───── Data for this exercise ─────

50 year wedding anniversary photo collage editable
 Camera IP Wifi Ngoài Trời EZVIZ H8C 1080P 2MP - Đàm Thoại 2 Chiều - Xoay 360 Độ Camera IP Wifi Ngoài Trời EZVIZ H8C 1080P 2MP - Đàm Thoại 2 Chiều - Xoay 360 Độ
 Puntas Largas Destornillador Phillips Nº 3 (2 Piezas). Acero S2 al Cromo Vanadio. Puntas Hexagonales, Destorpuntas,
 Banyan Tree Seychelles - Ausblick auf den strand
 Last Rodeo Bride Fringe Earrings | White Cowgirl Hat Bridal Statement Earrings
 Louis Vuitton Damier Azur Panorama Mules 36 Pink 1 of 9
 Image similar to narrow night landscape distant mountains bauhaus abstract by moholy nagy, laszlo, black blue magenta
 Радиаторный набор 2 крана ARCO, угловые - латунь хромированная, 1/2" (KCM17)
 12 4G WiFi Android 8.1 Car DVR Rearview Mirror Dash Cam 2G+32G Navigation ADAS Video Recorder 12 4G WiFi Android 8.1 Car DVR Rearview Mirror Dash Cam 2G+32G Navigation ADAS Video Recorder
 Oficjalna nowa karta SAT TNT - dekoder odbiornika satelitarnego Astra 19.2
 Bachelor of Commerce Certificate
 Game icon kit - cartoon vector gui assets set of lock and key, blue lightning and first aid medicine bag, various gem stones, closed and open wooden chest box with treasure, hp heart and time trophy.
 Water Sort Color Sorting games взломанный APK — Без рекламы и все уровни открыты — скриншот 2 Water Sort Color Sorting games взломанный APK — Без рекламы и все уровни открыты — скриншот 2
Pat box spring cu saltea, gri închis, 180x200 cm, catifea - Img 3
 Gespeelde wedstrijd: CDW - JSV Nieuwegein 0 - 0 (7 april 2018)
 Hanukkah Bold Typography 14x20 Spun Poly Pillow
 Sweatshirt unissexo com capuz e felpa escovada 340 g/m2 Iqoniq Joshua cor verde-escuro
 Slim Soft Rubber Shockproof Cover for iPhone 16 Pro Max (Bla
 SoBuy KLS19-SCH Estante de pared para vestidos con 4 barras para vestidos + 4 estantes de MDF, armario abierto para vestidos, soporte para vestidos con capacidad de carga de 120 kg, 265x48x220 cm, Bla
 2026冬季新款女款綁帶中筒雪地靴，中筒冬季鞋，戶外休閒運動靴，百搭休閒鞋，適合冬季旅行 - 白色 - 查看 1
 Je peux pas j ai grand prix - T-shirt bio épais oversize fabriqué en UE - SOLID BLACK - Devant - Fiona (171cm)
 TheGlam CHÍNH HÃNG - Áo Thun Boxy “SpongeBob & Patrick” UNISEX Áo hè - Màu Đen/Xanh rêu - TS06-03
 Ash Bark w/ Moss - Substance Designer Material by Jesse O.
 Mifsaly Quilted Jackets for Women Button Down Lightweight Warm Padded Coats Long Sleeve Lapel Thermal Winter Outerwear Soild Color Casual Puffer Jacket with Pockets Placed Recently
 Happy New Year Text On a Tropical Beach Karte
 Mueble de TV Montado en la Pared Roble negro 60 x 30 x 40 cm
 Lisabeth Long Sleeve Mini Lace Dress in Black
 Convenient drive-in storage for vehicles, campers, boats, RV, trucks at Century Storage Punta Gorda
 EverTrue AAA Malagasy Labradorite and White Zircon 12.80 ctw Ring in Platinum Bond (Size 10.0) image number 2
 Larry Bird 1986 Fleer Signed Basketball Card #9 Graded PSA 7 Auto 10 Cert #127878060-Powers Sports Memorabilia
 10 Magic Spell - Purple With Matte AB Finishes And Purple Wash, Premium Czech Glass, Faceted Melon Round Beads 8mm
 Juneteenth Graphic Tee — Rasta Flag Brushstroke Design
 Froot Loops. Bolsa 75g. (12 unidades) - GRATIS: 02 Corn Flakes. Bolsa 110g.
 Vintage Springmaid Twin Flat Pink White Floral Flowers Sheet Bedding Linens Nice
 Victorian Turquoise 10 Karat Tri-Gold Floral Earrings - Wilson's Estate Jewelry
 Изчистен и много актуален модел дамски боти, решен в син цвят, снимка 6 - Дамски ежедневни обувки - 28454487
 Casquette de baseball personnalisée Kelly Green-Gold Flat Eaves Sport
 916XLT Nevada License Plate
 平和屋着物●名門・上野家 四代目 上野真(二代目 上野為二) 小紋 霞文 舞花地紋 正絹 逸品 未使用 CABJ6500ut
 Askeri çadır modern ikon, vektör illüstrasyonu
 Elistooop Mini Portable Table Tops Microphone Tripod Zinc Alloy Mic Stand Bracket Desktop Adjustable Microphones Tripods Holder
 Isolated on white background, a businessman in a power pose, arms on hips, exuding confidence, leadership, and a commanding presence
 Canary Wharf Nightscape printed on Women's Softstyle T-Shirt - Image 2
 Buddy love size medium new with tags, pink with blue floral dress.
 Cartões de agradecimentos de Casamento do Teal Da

─────

In the listing above, locate the line containing "Last Rodeo Bride" and the line containing "Video Recorder 12". Transcribe those two lines and everything between them, exactly as written.

* **Answer space**:
 Last Rodeo Bride Fringe Earrings | White Cowgirl Hat Bridal Statement Earrings
 Louis Vuitton Damier Azur Panorama Mules 36 Pink 1 of 9
 Image similar to narrow night landscape distant mountains bauhaus abstract by moholy nagy, laszlo, black blue magenta
 Радиаторный набор 2 крана ARCO, угловые - латунь хромированная, 1/2" (KCM17)
 12 4G WiFi Android 8.1 Car DVR Rearview Mirror Dash Cam 2G+32G Navigation ADAS Video Recorder 12 4G WiFi Android 8.1 Car DVR Rearview Mirror Dash Cam 2G+32G Navigation ADAS Video Recorder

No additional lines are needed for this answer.